Becoming a Secure Password Professional
Passwords play a crucial role in protecting your online accounts. By following these guidelines for creating and safeguarding your passwords, you can enhance your online security:
- Use hard-to-guess passwords: Create complex passwords by combining letters (both uppercase and lowercase), numbers, symbols, punctuation, and uncommon phrases. Opt for longer passwords with a minimum of ten characters.
- Avoid using personal information in passwords: Refrain from using easily guessable information such as your pet’s name, family members’ names, birthdates, addresses, or other personally identifiable information (PII).
- Do not recycle or reuse passwords: Using the same password for multiple accounts increases the risk of multiple accounts being compromised if one password is stolen. Avoid reusing passwords to mitigate potential damage.
- Regularly change your passwords: Set reminders to change your passwords on a regular basis. By doing so, you reduce the likelihood of unauthorised access to your accounts.

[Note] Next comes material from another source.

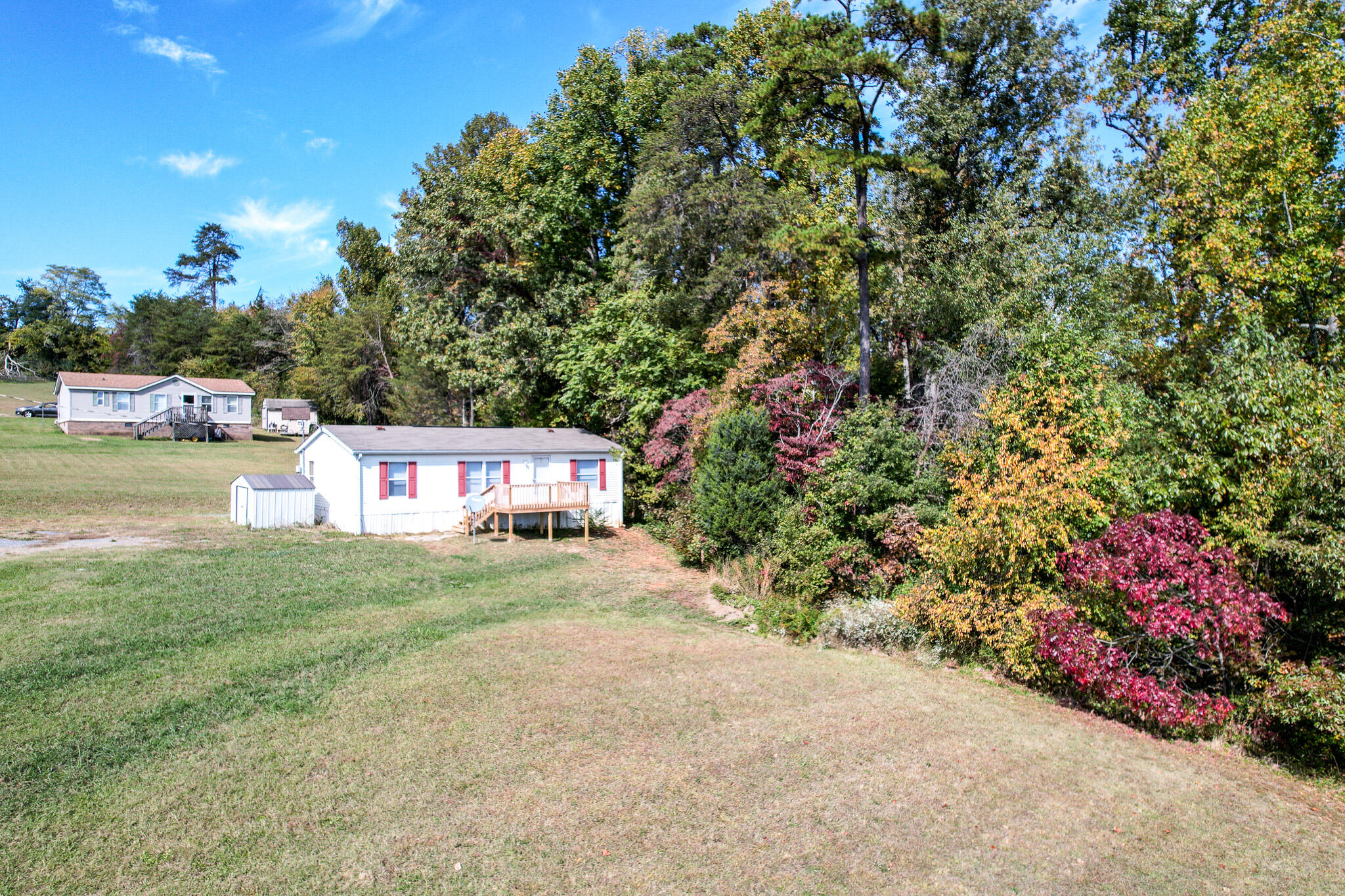 582 Old Stage Road Dandridge, TN 37725 - Photo 22 of 32 DJI_0875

- Avoid sharing passwords via text, email, or social media: Prevent unauthorised access to your accounts by refraining from sharing passwords through insecure channels. This is especially important when sharing streaming passwords connected to your financial information.
- Activate Two-Factor Authentication (2FA): Enable 2FA whenever possible to add an extra layer of security to your accounts. This authentication method requires an additional step, such as receiving a unique access code on your mobile device, before granting access to your accounts.
- Utilise a password manager: Consider using a password manager to securely store and manage complex passwords for each of your accounts. Use a strong master password to access the password manager itself.
Avoiding and Reporting Identity Theft
Identity theft is one of the most common types of fraud, and it can have severe consequences for individuals. To prevent and respond to identity theft, follow these steps:
- Turn off or disable lost cards and report stolen checks, account numbers, etc.: Promptly report any lost or stolen cards, checks, or account numbers to your financial institutions, even if you believe you have only misplaced them.
- Freeze your credit file: Place a credit freeze with the three major credit bureaus (TransUnion, Equifax, and Experian) to make it difficult for fraudsters to open lines of credit or cause financial harm using your identity.
- Report potential identity theft cases to Action Fraud. This helps protect yourself and alert law enforcement to the criminals involved.
- Review your credit report annually: Regularly review your credit report for any unauthorised accounts, suspicious loans, or fraudulent credit enquiries. You are entitled to one free credit report from each of the three major credit bureaus per year.
- Consider enroling in credit monitoring services: Credit monitoring services, such as those offered by Aura, can provide real-time alerts regarding account activity and changes to your credit file. These services help you detect and respond to potential fraud quickly.
By implementing these online fraud prevention techniques, you can significantly reduce your risk of falling victim to scammers and protect yourself and your family from the devastating consequences of cybercrime and identity theft. Stay one step ahead of fraudsters and safeguard your digital life by taking proactive measures to enhance your online security.